What the task requires:
What is needed is an exact transcription of the listing, with the images removed.

(Information supplied)

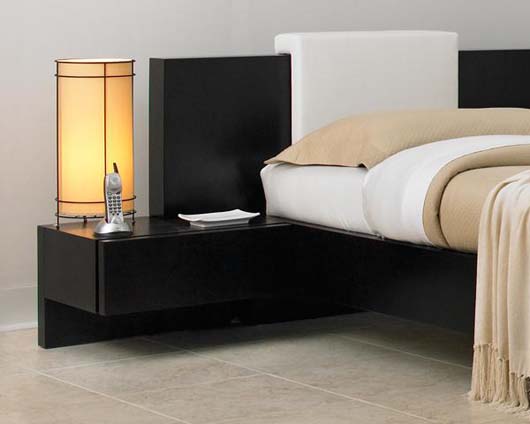 platform bed design modern home furniture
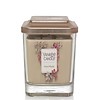 Yankee Candle Velvet Woods Elevation Medium Geurkaars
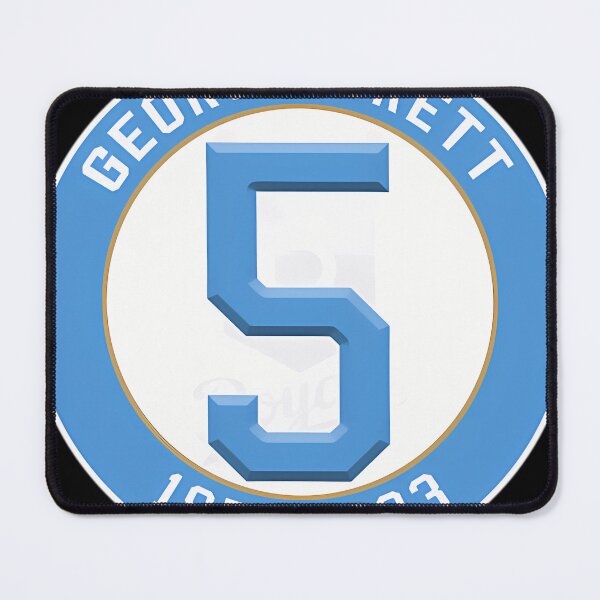 Item preview, Tribute To George Brett Kansas City Baseball designed and sold by ErmaHuey1.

(End Information supplied)

Result for this task:
 platform bed design modern home furniture
 Yankee Candle Velvet Woods Elevation Medium Geurkaars
 Item preview, Tribute To George Brett Kansas City Baseball designed and sold by ErmaHuey1.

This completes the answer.